A notable example is from the UK: The Shetland Times vs The Shetland News
([http://www.linksandlaw.com/linkingcases-
deeplinks.htm#Shetla...](http://www.linksandlaw.com/linkingcases-
deeplinks.htm#Shetland) Times v. Shetland News) Mentioned on the talk page of
the wikipedia article (<http://en.wikipedia.org/wiki/Talk:The_Shetland_Times>)

British American Tobacco is a good example of a site from a company with too
many lawyers:
([http://www.bat.com/group/sites/uk__3mnfen.nsf/vwPagesWebLive...](http://www.bat.com/group/sites/uk__3mnfen.nsf/vwPagesWebLive/DO52GBWX?opendocument&SKN=1))

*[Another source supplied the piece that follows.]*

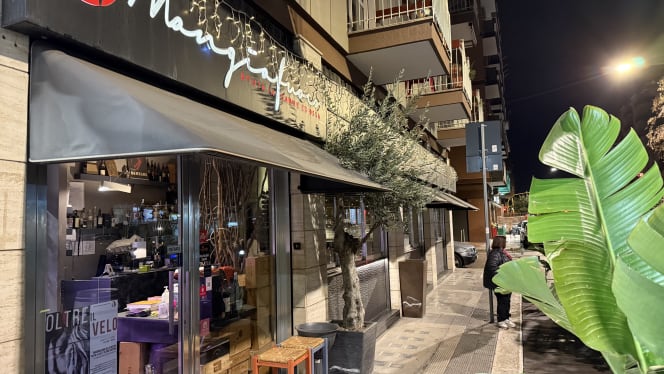 Braceria Mangiafuoco - Bari - 9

> [...] _and you may make use of the embedded share button and Email a Friend
> functions to share parts of this website via the particular social media
> networks or by email (using the Email a Friend function) as applicable.
> Other than as stated in these conditions of use, you may not make any part
> of the website available as part of another website, whether by hyperlink
> framing on the Internet or otherwise unless you have been authorised to do
> so in writing by British American Tobacco._

Guess I've just broken their TOS?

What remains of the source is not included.